Com produção de 237.060 veículos em maio, 33,8% maior que a de um ano antes, a indústria automobilística segue em recuperação, mas há uma névoa de incerteza sobre a economia, adverte o Banco Central (BC). A boa notícia sobre as montadoras e o relato oficial da reunião do Comitê de Política Monetária do BC (Copom) saíram com diferença de poucas horas, na manhã de ontem. Para o início da noite estava previsto o recomeço, no Tribunal Superior Eleitoral (TSE), do julgamento da chapa Dilma-Temer, acusada de abuso e irregularidades na campanha de 2014. Além desse processo, o presidente enfrenta as acusações baseadas em delação do empresário Joesley Batista, envolvido em numerosos casos de corrupção. Não há referência explícita à turbulência política na ata, mas a incerteza mencionada no documento é obviamente associada ao assédio contra o Palácio do Planalto. Isso já havia ficado claro no texto distribuído pouco depois da sessão do Copom, na semana passada.
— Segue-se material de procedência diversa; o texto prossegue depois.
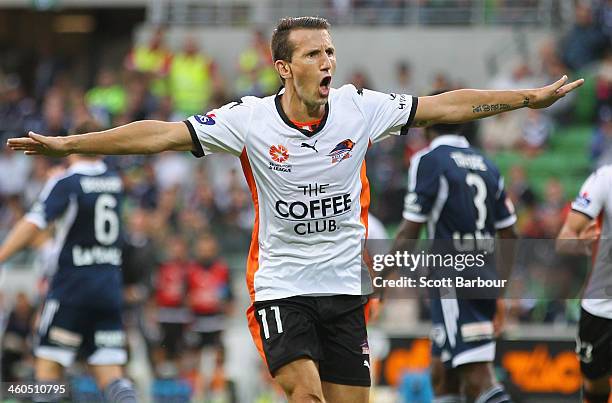 Liam Miller of the Roar celebrates after scoring the first goal of the game during the round 13 A-League match between the Melbourne Victory and...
Mais que uma curiosa coincidência, a publicação quase simultânea dos dois informes – sobre a política de juros e sobre a atividade das montadoras – é um alerta para todos os brasileiros, mas especialmente para aqueles com poder para interferir nas grandes questões da vida nacional. A reativação da indústria automobilística é uma das novidades mais animadoras, depois de mais de dois anos da pior recessão registrada na história brasileira.
A fabricação de veículos continua longe dos volumes alcançados nas fases de maior prosperidade. O emprego continua bem abaixo dos níveis observados antes da crise. Mas a reanimação do setor, puxada tanto pelas vendas no mercado interno como pela exportação, é um dos sinais mais fortes e mais promissores de recuperação da economia nacional. Além disso, as contratações de pessoal têm aumentado tanto nas montadoras e nas empresas de seu entorno como em outros segmentos industriais.
A desocupação permanece muito alta, com cerca de 14 milhões de pessoas em busca de uma oportunidade, mas seria um enorme equívoco menosprezar os sinais positivos observados na atividade industrial. Essa ainda é a fonte mais importante de empregos classificáveis como decentes, pelos salários, pela segurança contratual, pelos benefícios complementares e, é claro, pela produtividade. A contratação de pessoal na indústria é um efeito da melhora das perspectivas setoriais e um fator de expansão econômica.
As estatísticas do emprego foram engordadas durante anos, no Brasil, com a absorção de trabalhadores de baixa ou nenhuma qualificação em atividades pouco produtivas. A ocupação cresceu, nesse período, em ritmo desproporcional ao do aumento do Produto Interno Bruto (PIB). Concebida apenas como instrumento eleitoral, a política de rendas propiciou, enquanto foi possível, a expansão do consumo e de ocupações, no comércio e nos serviços, com baixo potencial econômico.
Essa política foi paralela, naturalmente, a uma estratégia educacional voltada mais para a distribuição de diplomas do que para o desenvolvimento de capacidades. A crise desmontou essa fantasia.
Uma recuperação econômica puxada pelos segmentos mais eficientes da agropecuária e da indústria deve produzir, se for duradoura, muito mais que uma intensificação da atividade. Será uma oportunidade para repor o País nos trilhos da modernização e, portanto, da produtividade, da competitividade e da multiplicação de bons empregos. Mas para isso será preciso restabelecer, em prazo razoável, os fundamentos da economia.
Isso inclui um amplo trabalho de reparo e de renovação das finanças públicas e a criação de condições de estabilidade dos preços. A pauta de reformas, como a da Previdência, é componente essencial dessa transformação. Se as pessoas com maior responsabilidade em Brasília forem capazes de impulsionar esse conjunto de ações, o País sairá de uma vez do atoleiro e poderá ocupar, no mundo, um posto digno de uma democracia moderna e economicamente poderosa. Isso exigirá alguma visão e alguma grandeza política.